First: Sandra Day O'Connor
by Evan Thomas
It's wonderfully well-written, and happily entertaining. But the author left out a whole slice of the pie! She writes about what happened, when, politics and old-boy cronyism of the time, feminism, the ERA, people Justice O'Connor knew and influenced and loathed, but--
What about her big thoughts?
I'm halfway through the book and she's just been nominated for Supreme Court Justice. I know a lot about her opinions on women's rights, but very little on all the other big issues facing or soon to be facing our nation. How did she feel about affirmative action? About property rights, abortion, mandatory sentences for drug offenses, capital punishment?

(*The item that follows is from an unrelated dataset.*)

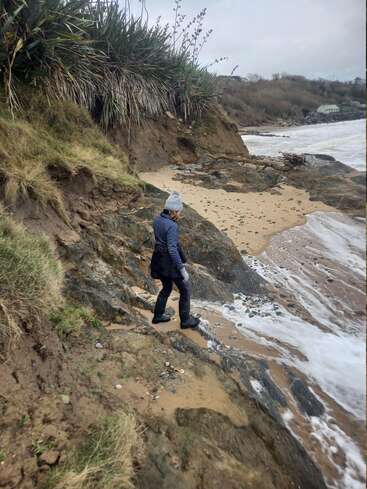 Une personne portant un bonnet gris et une veste bleue marche le long d'une plage rocheuse, avec une falaise et une zone herbeuse à gauche, et une étendue d'eau à droite.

I have no idea!
So, sadly, I think the author did the subject a great disservice by not trying to find out what issues were deep on Justice O'Connor's mind and heart. While reading, I felt like I knew Ms. O'Connor socially, but not intellectually.
By the way, every single time the author mentioned Roe vs Wade, she had to explain it--"The 1973 decision granting women the right to an abortion". The editor should have caught that.
Ok, I'm later on in the book and I do know more about her big actions...but still not as much as I'd like. For every page the biographer spends on cases, she spends five on personal interactions--other justices, politicians, clerks, and so on. It's a very "gossipy" biography and as such, I'm not liking it.
Toward the end, getting more into cases. Good. I'm liking it much, much better.